▼

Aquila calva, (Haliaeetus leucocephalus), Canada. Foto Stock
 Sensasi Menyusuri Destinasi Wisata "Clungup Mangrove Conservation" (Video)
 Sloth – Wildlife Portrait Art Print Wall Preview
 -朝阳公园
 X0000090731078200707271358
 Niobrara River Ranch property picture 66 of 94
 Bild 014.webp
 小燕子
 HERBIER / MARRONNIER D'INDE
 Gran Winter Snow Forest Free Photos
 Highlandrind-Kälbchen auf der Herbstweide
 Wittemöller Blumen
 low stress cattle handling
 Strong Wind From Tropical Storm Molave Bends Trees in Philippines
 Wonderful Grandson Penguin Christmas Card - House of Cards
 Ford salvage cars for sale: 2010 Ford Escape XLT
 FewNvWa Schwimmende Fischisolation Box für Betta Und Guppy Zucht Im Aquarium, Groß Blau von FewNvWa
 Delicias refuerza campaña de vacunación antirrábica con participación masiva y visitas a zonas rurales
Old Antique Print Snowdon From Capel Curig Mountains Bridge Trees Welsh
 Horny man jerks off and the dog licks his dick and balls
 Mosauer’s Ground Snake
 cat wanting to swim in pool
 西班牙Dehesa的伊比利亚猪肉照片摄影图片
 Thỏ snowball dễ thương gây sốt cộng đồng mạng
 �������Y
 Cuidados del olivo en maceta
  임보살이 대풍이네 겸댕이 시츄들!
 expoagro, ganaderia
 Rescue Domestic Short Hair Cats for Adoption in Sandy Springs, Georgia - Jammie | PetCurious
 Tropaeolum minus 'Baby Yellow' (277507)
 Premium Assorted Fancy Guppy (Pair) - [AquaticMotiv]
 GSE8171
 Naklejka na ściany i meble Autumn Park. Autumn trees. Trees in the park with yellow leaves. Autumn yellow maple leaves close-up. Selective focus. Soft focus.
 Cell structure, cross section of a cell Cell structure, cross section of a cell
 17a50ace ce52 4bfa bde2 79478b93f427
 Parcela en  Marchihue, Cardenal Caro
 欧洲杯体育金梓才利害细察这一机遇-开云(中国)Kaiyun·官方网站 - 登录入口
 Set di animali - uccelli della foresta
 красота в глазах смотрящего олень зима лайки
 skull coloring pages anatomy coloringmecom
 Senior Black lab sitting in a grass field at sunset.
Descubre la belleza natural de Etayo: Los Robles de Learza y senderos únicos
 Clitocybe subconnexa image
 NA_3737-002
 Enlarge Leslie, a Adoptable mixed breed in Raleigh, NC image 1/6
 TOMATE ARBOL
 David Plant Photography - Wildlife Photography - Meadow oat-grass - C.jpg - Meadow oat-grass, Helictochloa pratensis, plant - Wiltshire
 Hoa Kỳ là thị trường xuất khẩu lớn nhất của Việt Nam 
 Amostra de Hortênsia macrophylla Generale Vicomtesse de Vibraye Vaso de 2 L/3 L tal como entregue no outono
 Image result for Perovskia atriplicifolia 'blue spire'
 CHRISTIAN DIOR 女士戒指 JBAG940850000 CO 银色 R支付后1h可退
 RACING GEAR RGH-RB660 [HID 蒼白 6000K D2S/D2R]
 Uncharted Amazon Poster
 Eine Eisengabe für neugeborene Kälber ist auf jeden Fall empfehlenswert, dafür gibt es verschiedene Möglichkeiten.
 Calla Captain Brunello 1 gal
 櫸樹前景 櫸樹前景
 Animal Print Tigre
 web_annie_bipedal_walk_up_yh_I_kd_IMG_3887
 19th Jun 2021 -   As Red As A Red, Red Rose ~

▲

AIM OF THE EXERCISE :: Say how many lines of the records contain the word "Trees", and give no other output.

SOLUTION TO THIS TASK :: 3